- Work request: What you return must be the data below, word for word, without any images.

Materials provided Start Marker

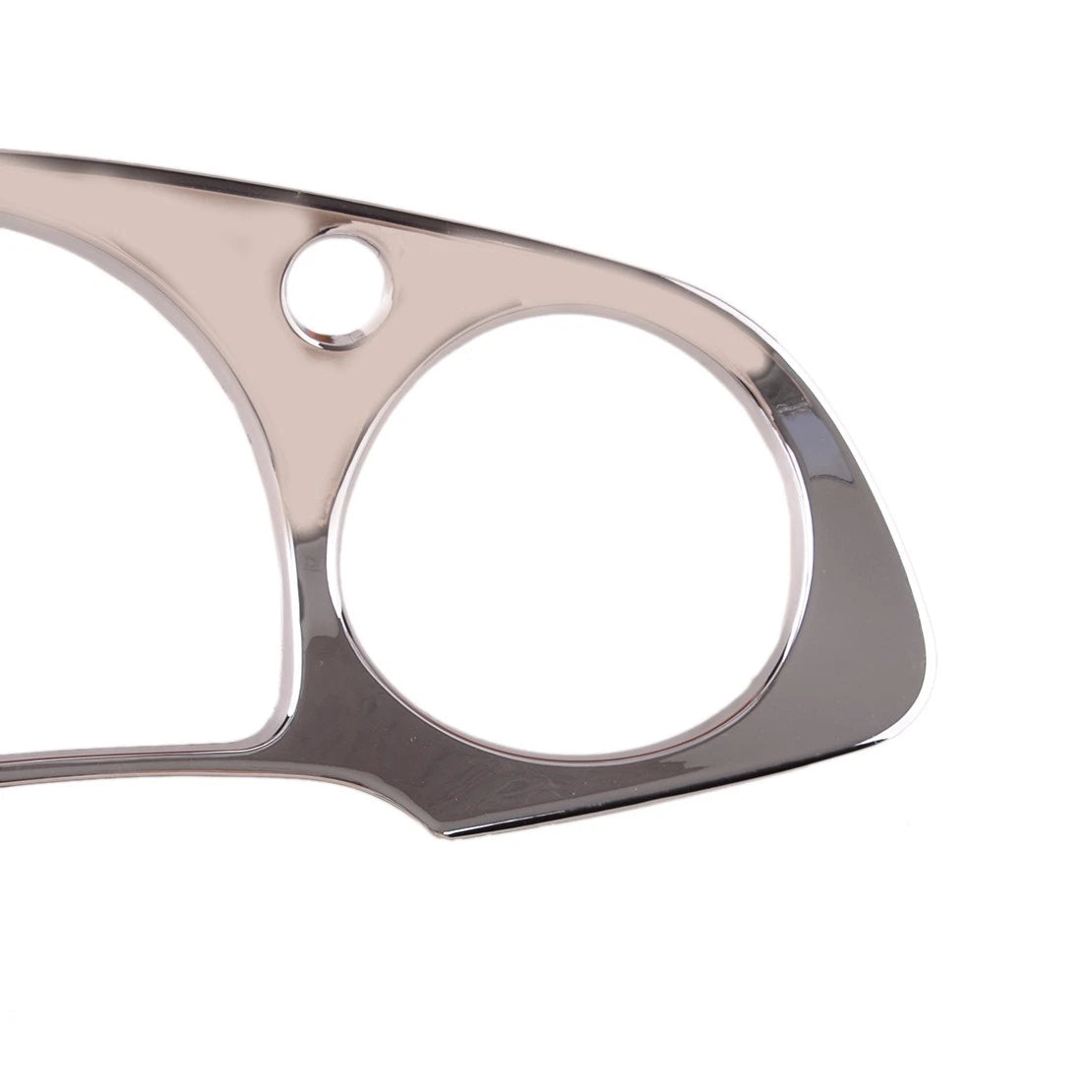 Silver Instrument Panel Cover Bezel for Honda Goldwing GL1800 (2001-2005)
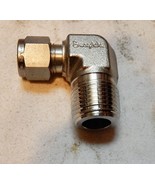 Swagelok 90 Deg Tube Fitting 1/2&quot; MNPT-3/8”OD Tubing Male Conn Gas Tight... - $280.05 MXN
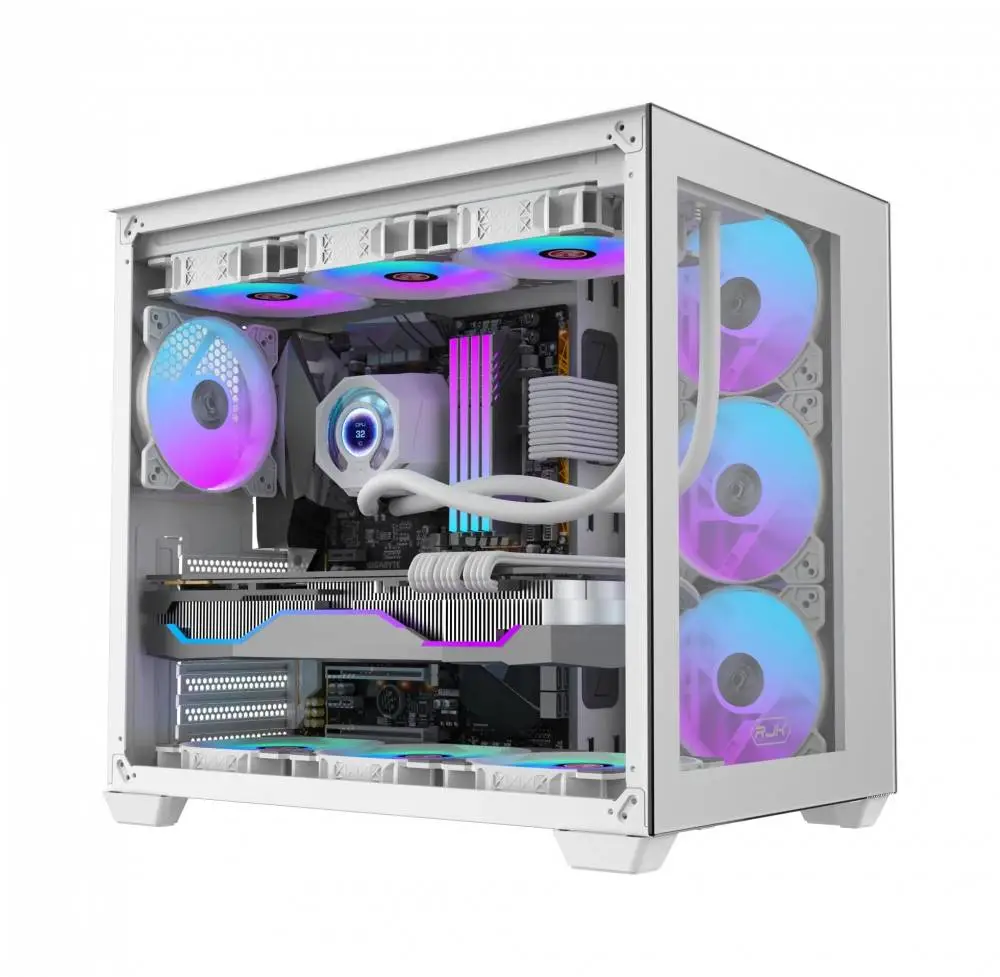 Water cooling for processor Raijintek CYCLOPS 240 White Water Cooling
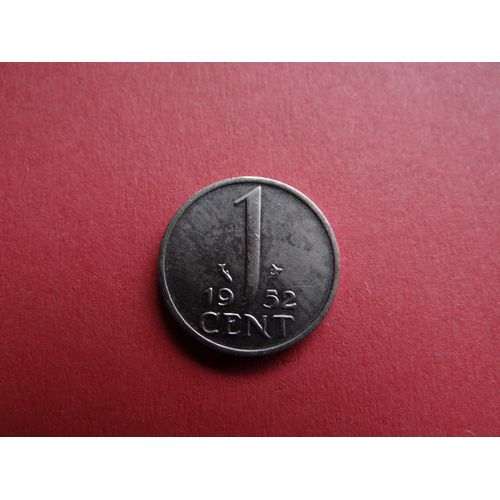 Pays-Bas - 1952 - Pièce De Monnaie - 1 Cent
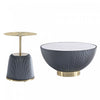 Anderson Modern 2-Piece Coffee Table & End Table Set in Gray | Ensemble de 2 tables Anderson Modern : table basse et table d’appoint en gris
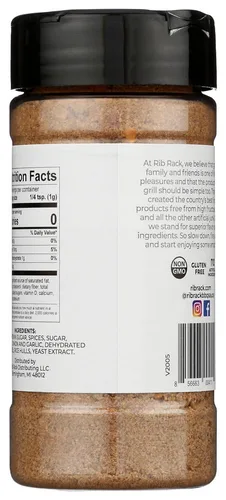 Miniatura 4 de Rib Rack Seasoning Rub Steak-5.5 oz - Paquete de 6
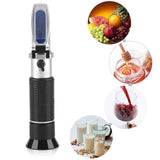 Professional 0~32% Accurate Brix Refractometer Beer Fruit Juice Sugar Tester Meter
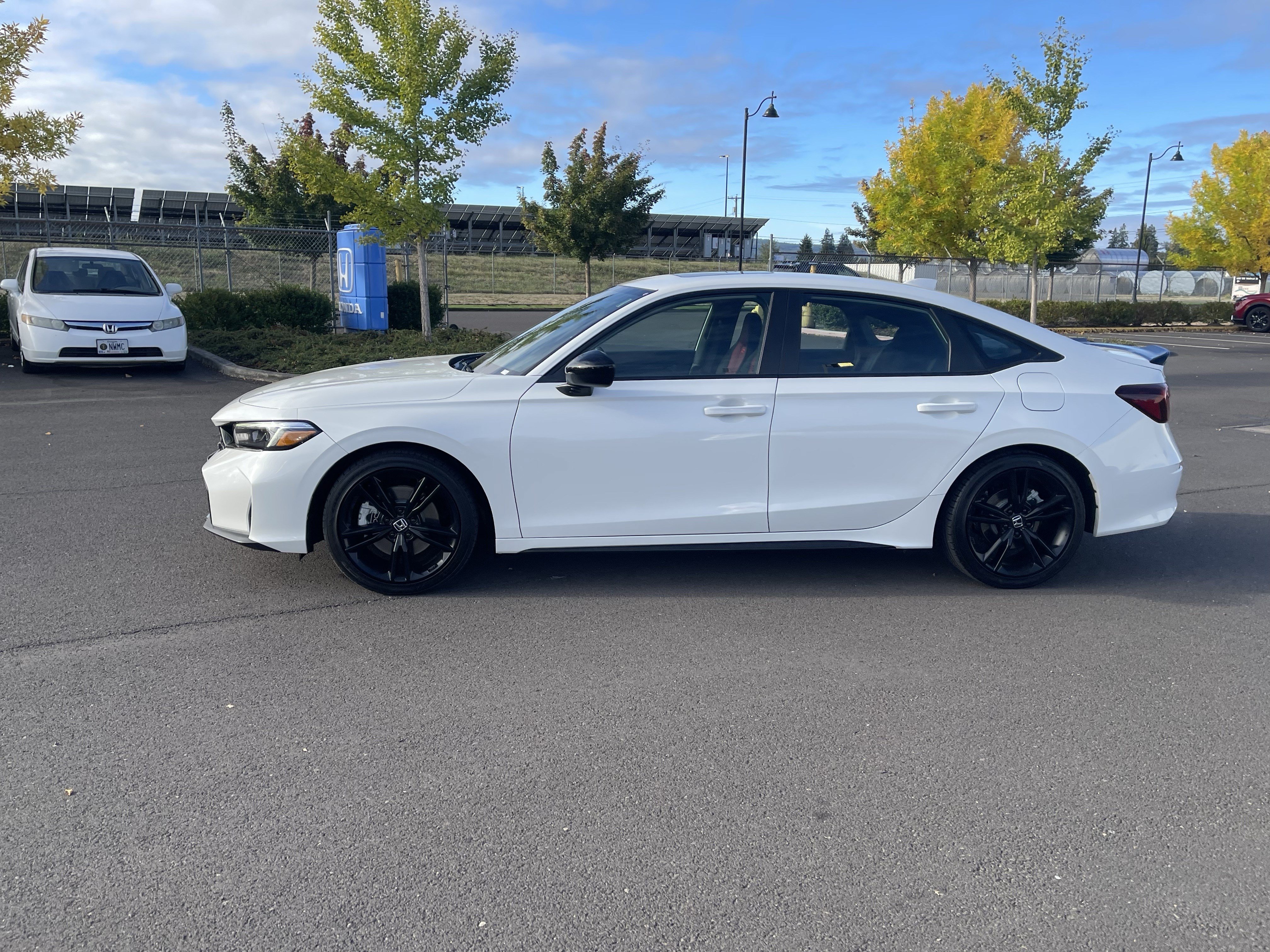 Used 2025 Honda Civic Si image 2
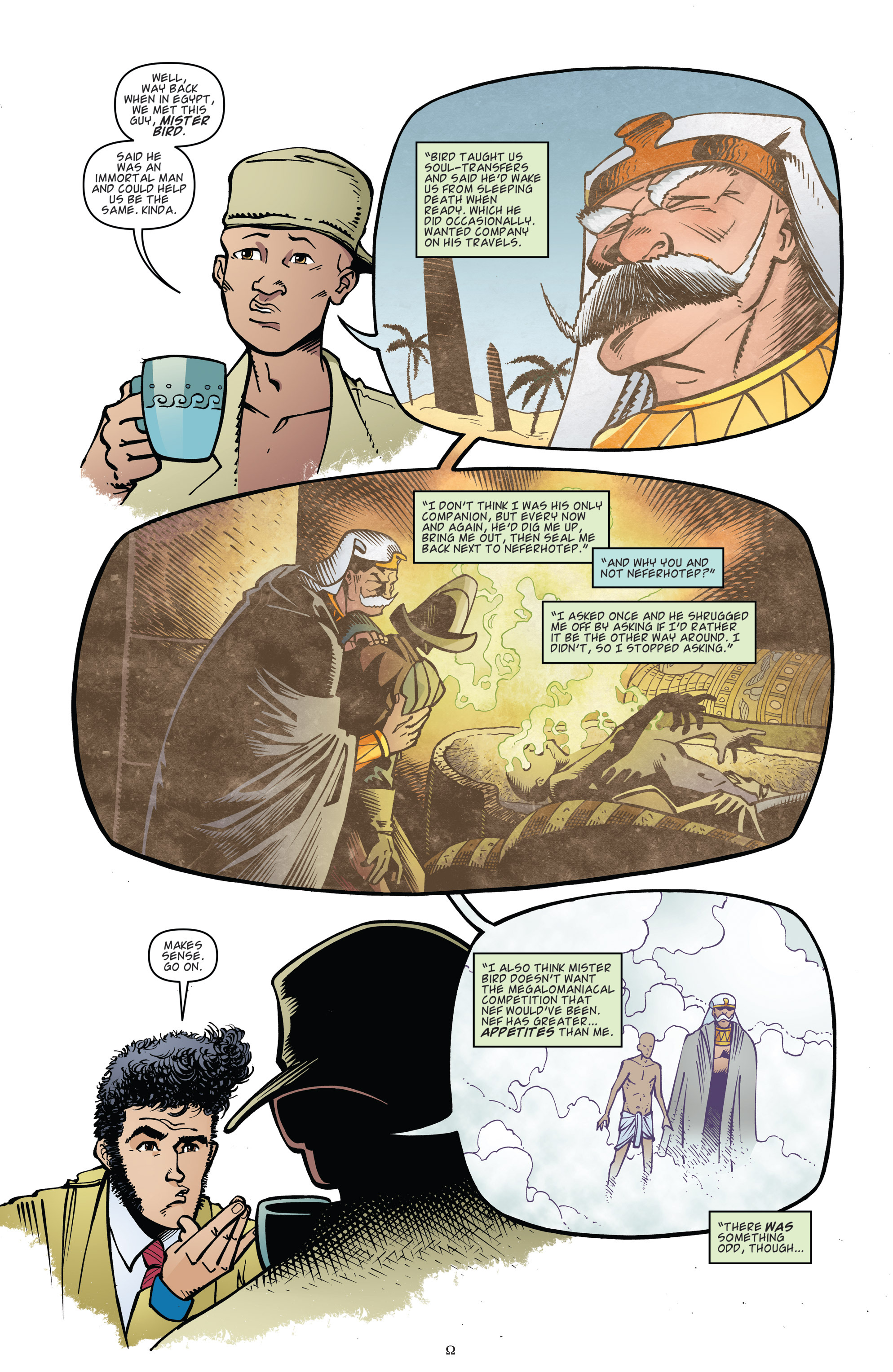 Read online Dirk Gently's Holistic Detective Agency comic -  Issue #3 - 21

Materials provided End Marker

- Exercise result:
 Silver Instrument Panel Cover Bezel for Honda Goldwing GL1800 (2001-2005)
 Swagelok 90 Deg Tube Fitting 1/2&quot; MNPT-3/8”OD Tubing Male Conn Gas Tight... - $280.05 MXN
 Water cooling for processor Raijintek CYCLOPS 240 White Water Cooling
 Pays-Bas - 1952 - Pièce De Monnaie - 1 Cent
 Anderson Modern 2-Piece Coffee Table & End Table Set in Gray | Ensemble de 2 tables Anderson Modern : table basse et table d’appoint en gris
 Miniatura 4 de Rib Rack Seasoning Rub Steak-5.5 oz - Paquete de 6
 Professional 0~32% Accurate Brix Refractometer Beer Fruit Juice Sugar Tester Meter
 Used 2025 Honda Civic Si image 2
 Read online Dirk Gently's Holistic Detective Agency comic -  Issue #3 - 21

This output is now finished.